LangChain provides a powerful and flexible framework for building LLM applications with excellent composability and a rich ecosystem of integrations. While it offers great versatility for many use cases, it does require additional manual setup and configuration for complex extraction workflows.

Development overhead:

📝 Manual prompt engineering: Must craft detailed prompts for each extraction step
🔧 Manual model definition: Need to define Pydantic models and output parsers for structured data
🧩 Complex chain configuration: Requires manual setup of chains and their connections involving multiple LLMs
🔍 Manual reference mapping: Must implement custom logic to track source references
🔄 Complex concurrency setup: Implementing concurrent processing requires additional setup with asyncio
💰 Cost tracking setup: Requires custom logic for cost tracking for each LLM
💾 No unified storage model: Need to write additional code to collect and organize results

Extraction pipeline example (LangChain)#

# LangChain implementation of analyzing multiple documents with a single pipeline,
# with different LLMs, concurrency, and cost tracking
# Jupyter notebook compatible version

import asyncio
import os
import time
from dataclasses import dataclass, field
from textwrap import dedent

import nest_asyncio


nest_asyncio.apply()

from langchain.callbacks import get_openai_callback
from langchain.output_parsers import PydanticOutputParser
from langchain.prompts import PromptTemplate
from langchain_core.runnables import (
    RunnableLambda,
    RunnableParallel,
    RunnablePassthrough,
)
from langchain_openai import ChatOpenAI
from pydantic import BaseModel, Field


# Pydantic models must be manually defined
class PartyInfo(BaseModel):
    """Information about contract parties"""

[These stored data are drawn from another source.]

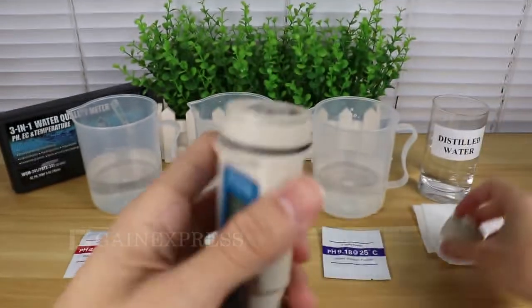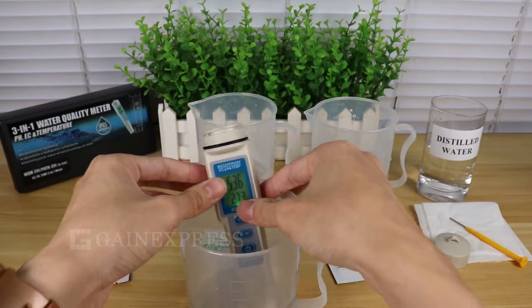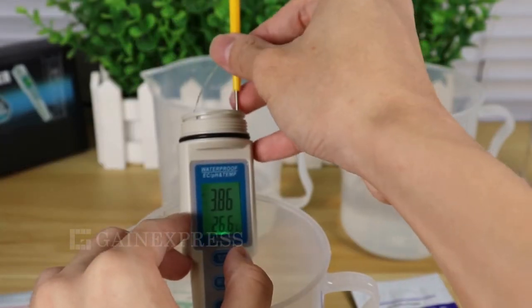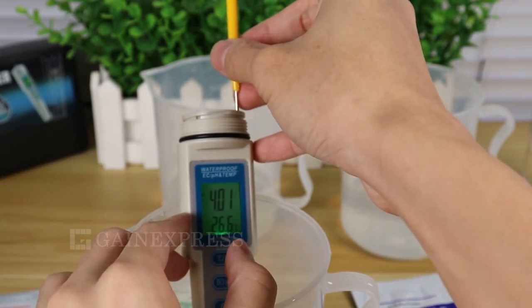Remove the battery cap and look for the pH calibration trimmer. Insert the probe into 4.01 buffer solution. Gently turn the pH calibration trimmer using the mini screwdriver provided in the set until 4.01 shows on the display.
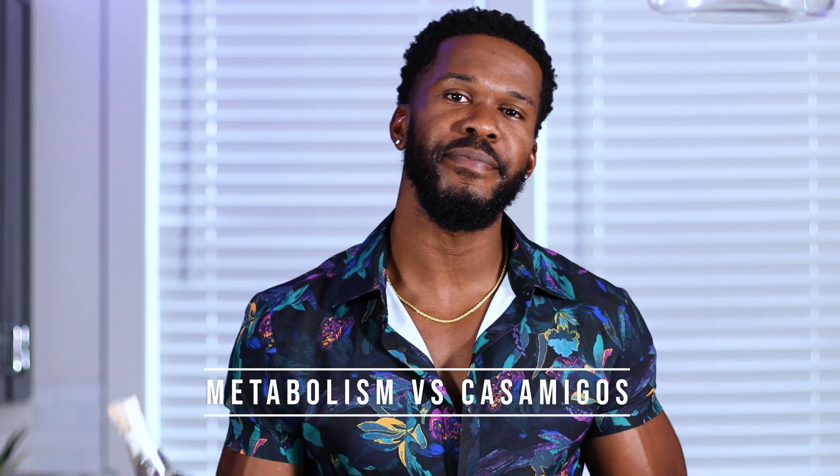What's going on y'all? This is Austin, your metabolism mentor. And on today's edition of Versus, it's My Metabolism versus Casa Amigos. Let's tap in.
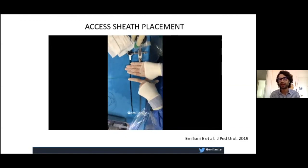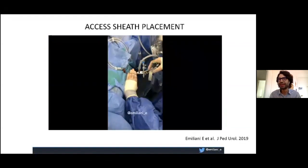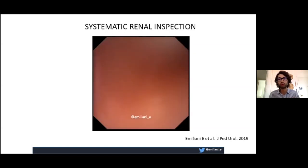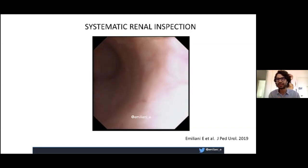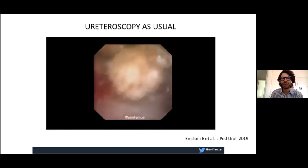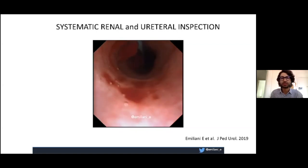Check the kidney systematically from the upper to the lower calyx, since you won't be doing any fluoroscopy. Do this at both the beginning and end of the procedure. Then perform the ureteroscopy as usual — you don't need fluoroscopy for this. Afterward, check systematically again from the upper to the lower pole and then the ureter, to confirm no damage has been done and no stones have been left behind.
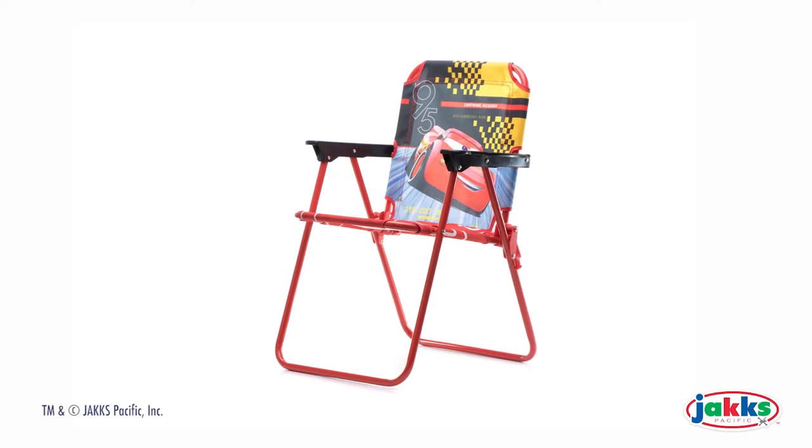One chair is included. No assembly is required. Cars 3 Patio Chair by Jax Pacific.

    name: str = Field(description="Name of the party")
    role: str = Field(description="Role of the party (e.g., Client, Provider)")


class Term(BaseModel):
    """Contract term information"""

    duration_years: int = Field(description="Duration in years")
    reference: str = Field(
        description="Reference text from document"
    )  # LLM reciting a reference is error-prone and unreliable


class Attachment(BaseModel):
    """Contract attachment information"""

    title: str = Field(description="Title of the attachment")
    description: str | None = Field(description="Brief description of the attachment")


class ContractRating(BaseModel):
    """Rating with justification"""

    score: int = Field(description="Rating score (1-10)")
    justification: str = Field(description="Justification for the rating")


class ContractInfo(BaseModel):
    """Complete contract information"""

    contract_type: str = Field(description="Type of contract")
    effective_date: str | None = Field(description="Effective date of the contract")
    governing_law: str | None = Field(description="Governing law of the contract")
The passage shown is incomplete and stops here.